Catalog Collections#

What’s a catalog collection?#

Catalog collections are a particular directory structure that provide explicit linking with a primary object catalog and the supplemental tables that support users in their analysis of those catalogs.

Below is an example of a collection directory structure:

gaia_dr3 /
|-- collection.properties
|-- gaia_dr3 /
| | -- hats.properties
| + -- . . .
|-- gaia_dr3_5arcs /
| | -- hats.properties
| + -- . . .
|-- gaia_dr3_100arcs /
| | -- hats.properties
| + -- . . .
+-- gaia_dr3_designation /
    |-- hats.properties
    + -- . . .

Here, the primary object catalog is named simply “gaia_dr3”. There are two margin tables (with widths of 5 and 100 arcseconds), as you may want to have different margins for different scientific use cases. The last table, “gaia_dr3_designation”, is an index table to enable fast lookup of objects by their “designation”, which is not a spatial property.
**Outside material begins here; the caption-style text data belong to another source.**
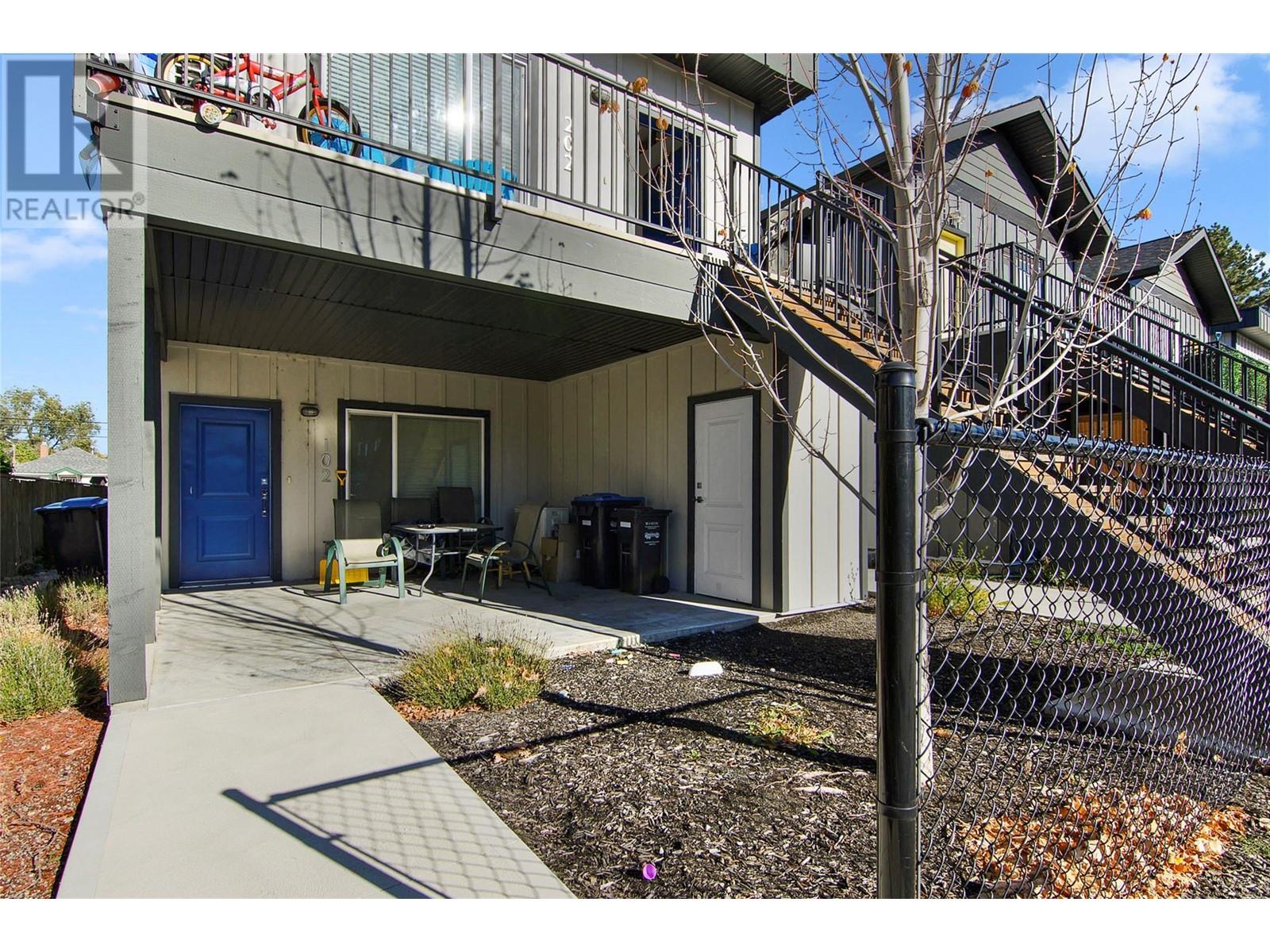 124 Calgary Avenue, Penticton, British Columbia  V2A 2T7 - Photo 4 - 10332354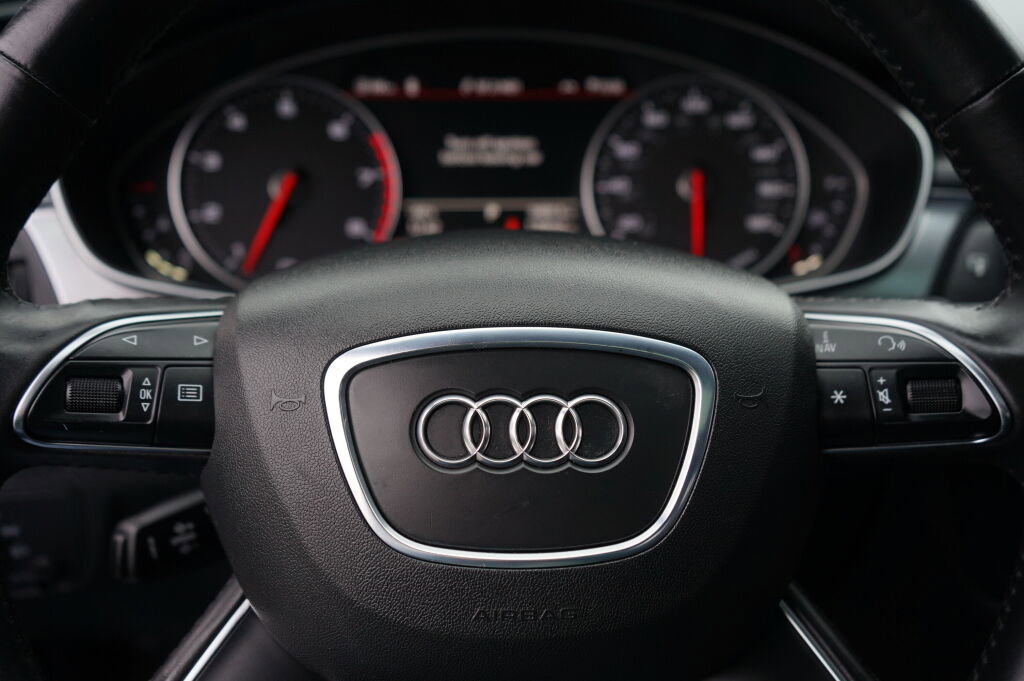Used 2013 Audi A6 3.0T Premium Plus AWD/4WD image 22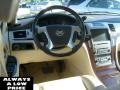 2007 Gold Mist Cadillac Escalade AWD  photo #14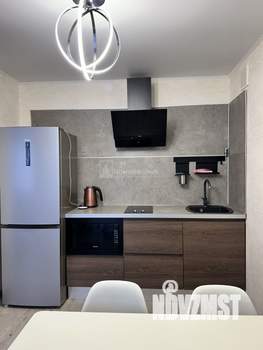 1-к квартира, вторичка, 43м2, 9/17 этаж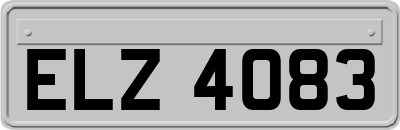 ELZ4083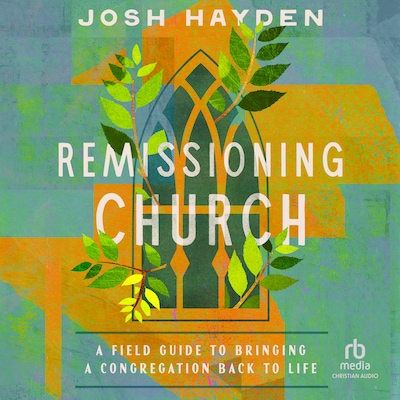 Remissioning Church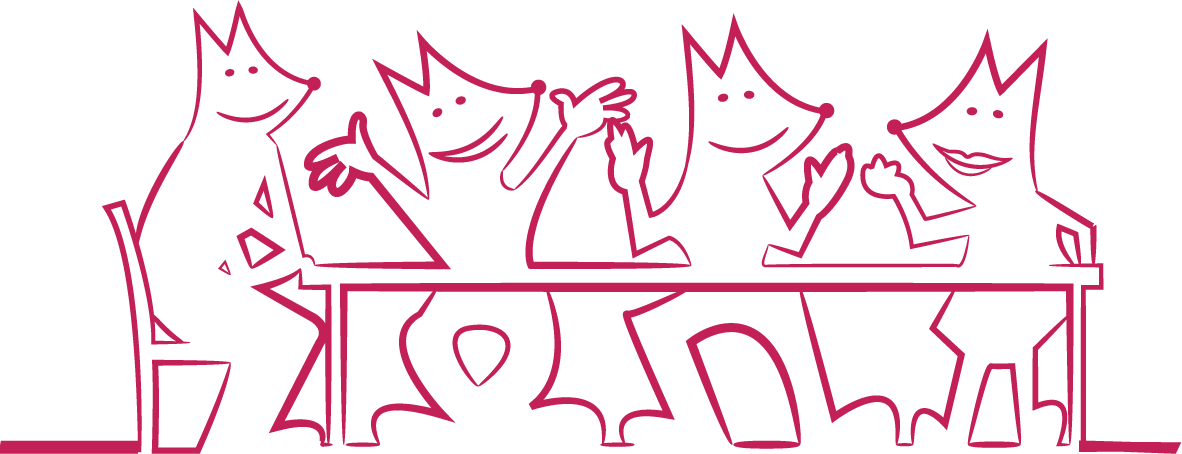 Discussion - Conversation (1182x454), Png Download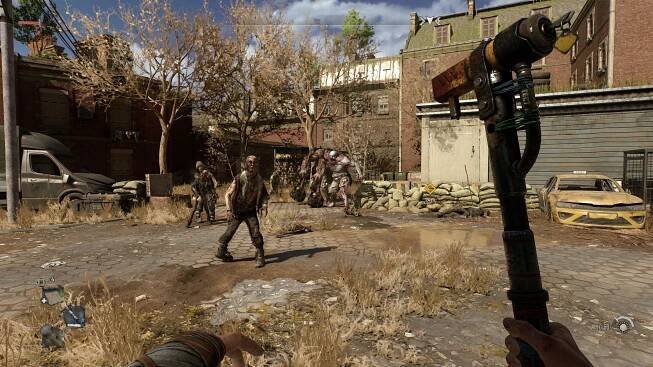 Techland prezradil predaje Dying Light 2
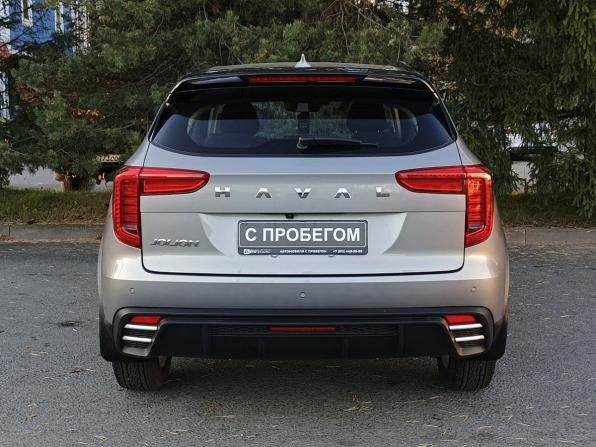 Haval Jolion I Рестайлинг с пробегом 2025 года, цена 2 049 000 рублей, 10552 км, внедорожник, Автокод Объявления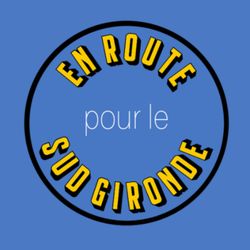 cover art for En route pour le Sud Gironde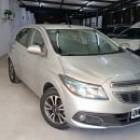 Chevrolet Onix LtzMT ,  2015 ,  GNC ,  146.200 km.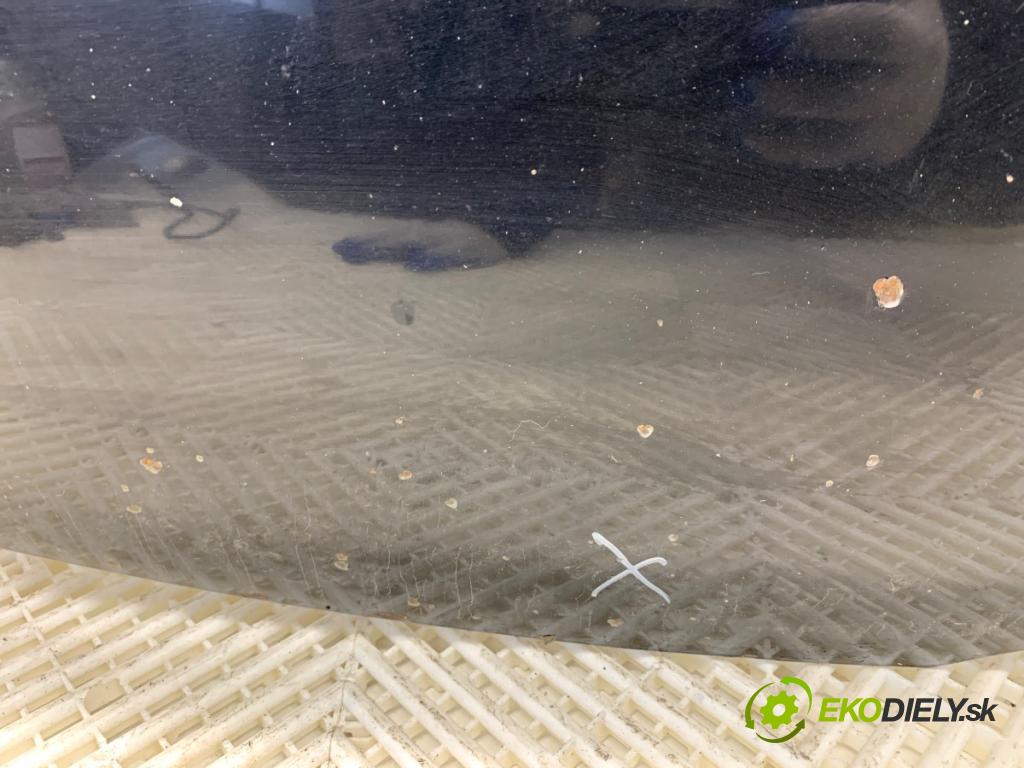 VW SHARAN nadwozie wielkoprzestrzenne (MPV) 2011 103 kW 2.0 TDI 1968 kapota  (Kapota)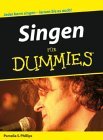 Singen für Dummies
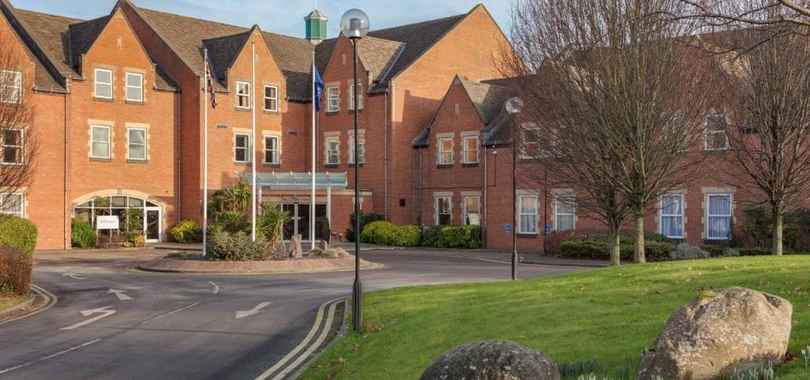 Delta by Marriott Cheltenham Chase hotel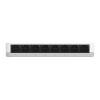 D-LINK GO-SW-8G 8 Port Gigabit Desktop Switch 8xport.8xGigabit.muanyag GO-SW-8G/E
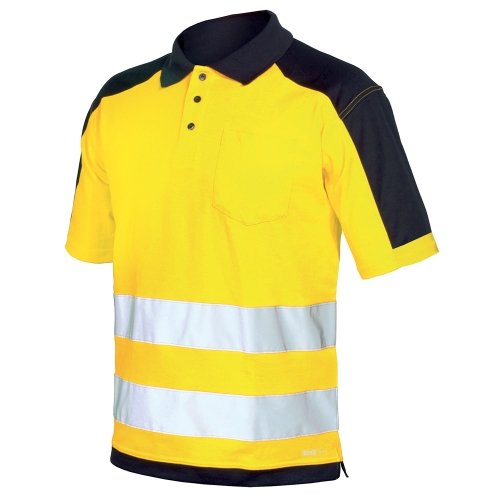 KOSZULKA POLO ISSALINE HV 8190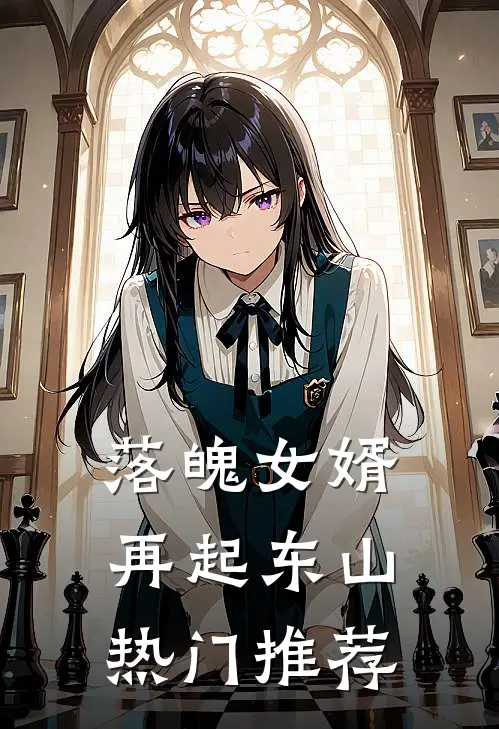 落魄女婿再起东山热门推荐
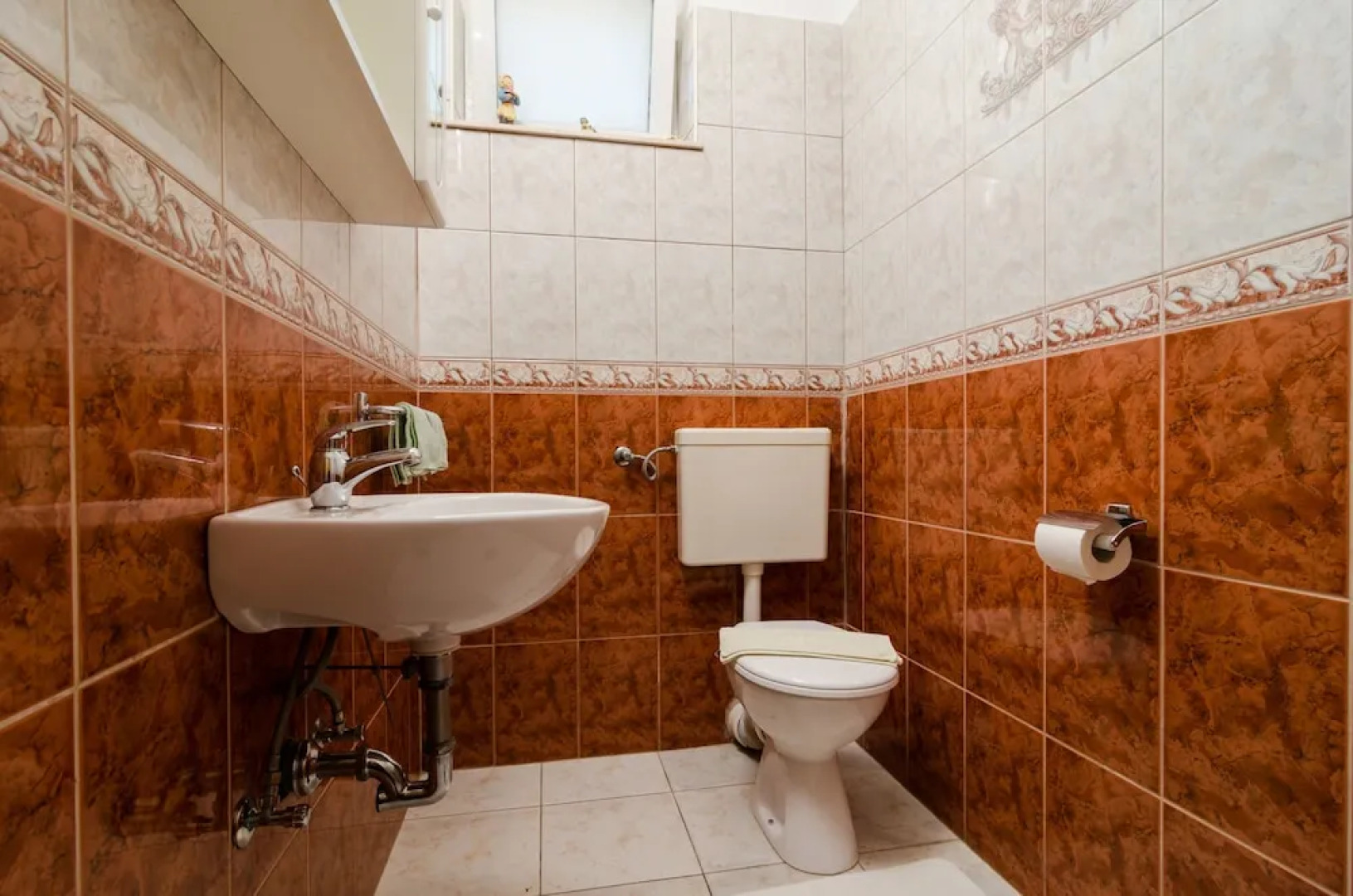 Apartments Nikolina Lumbarda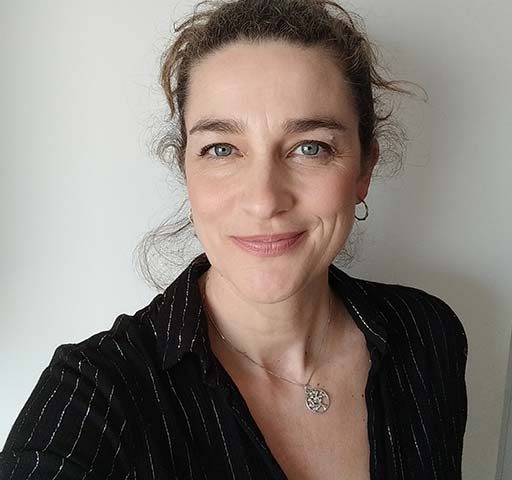 DUCHÊNE DOMPMARTIN Stéphanie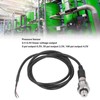 Pressure Sensor 0.5‑4.5V Output G1/4 Thread High Accuracy Pressure Transmitter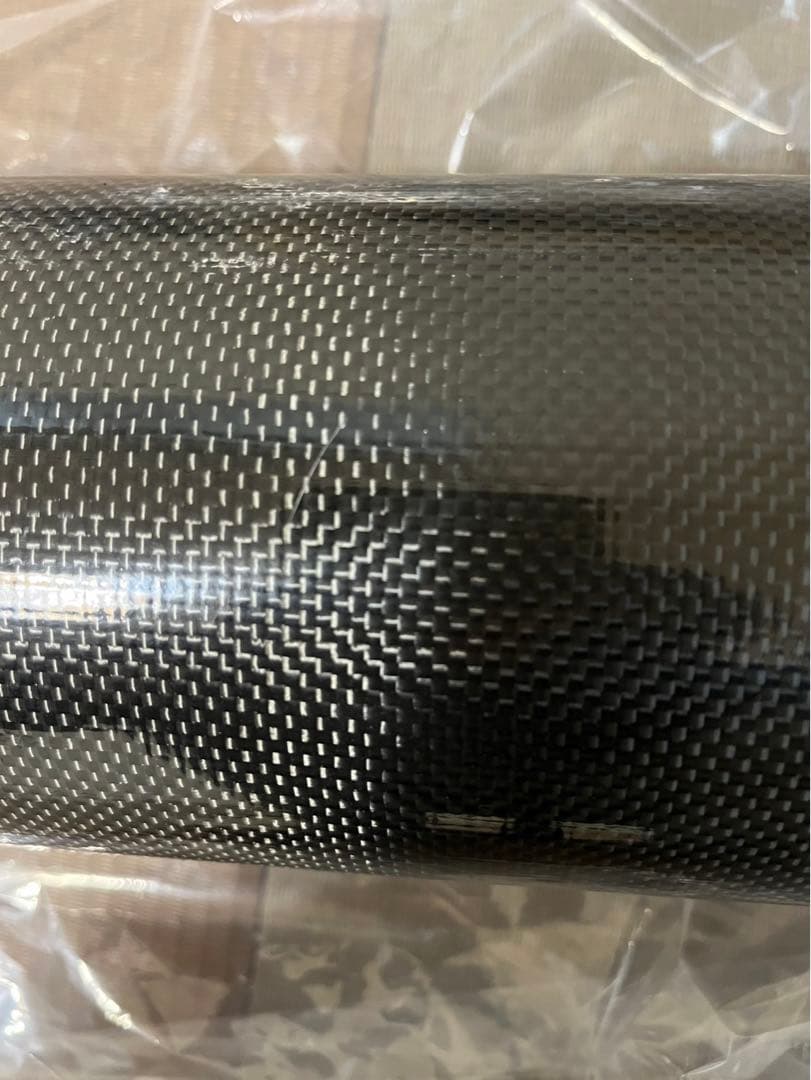 ZZR250 社外マフラー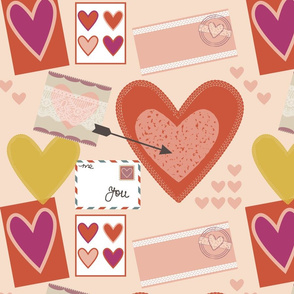 LoveLetters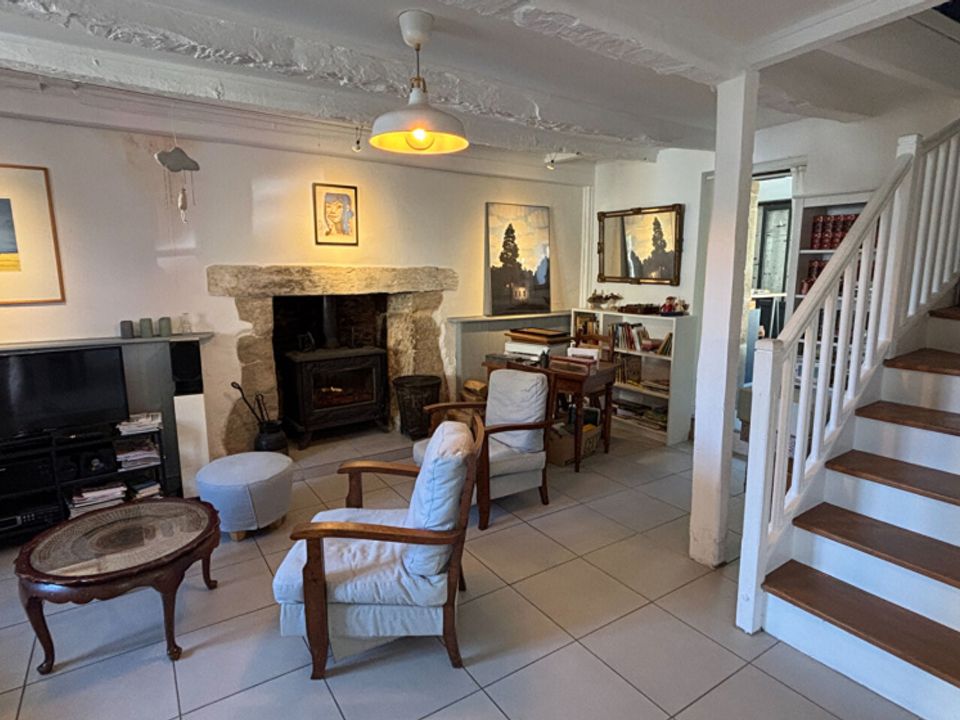 Haus in Josselin, Morbihan - Foto 5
The collection.properties file provides the links between those tables.

Below is an example of what the properties file would look like for the above directory structure:

# HATS Collection
obs_collection = gaia_dr3
hats_primary_table_url = catalog
all_margins = gaia_dr3_5arcs gaia_dr3_100arcs
default_margin = gaia_dr3_5arcs
all_indexes = designation gaia_dr3_designation

The collection pipeline is intended to be a single pipeline that will create the object table, requested margins and indexes, and the properties file to link them all together.

If you have existing catalogs and tables, this pipeline can be used to create the properties file, and any tables that haven’t been created yet.

Pipeline setup#

The arguments for a collection pipeline use a builder pattern, meaning we will construct a custom pipeline, step by step.

from hats_import import CollectionArguments

args = (
    CollectionArguments(
        output_artifact_name="my-catalog",
        output_path="/path/to/place/collection/",
        ## dask arguments go here
        ## progress reporting arguments go here
    )
    .catalog(
        input_path="/path/to/csv/files",
        file_reader="csv",
        ra_column="ra",
        dec_column="dec",
        sort_columns="source_id",
    )
    .add_margin(margin_threshold=5.0, is_default=True)
    .add_margin(margin_threshold=100.0)
    .add_index(indexing_column="designation", include_healpix_29=False)
)

Overall collection arguments#

First, you should specify the root directory for all of the collection to live in.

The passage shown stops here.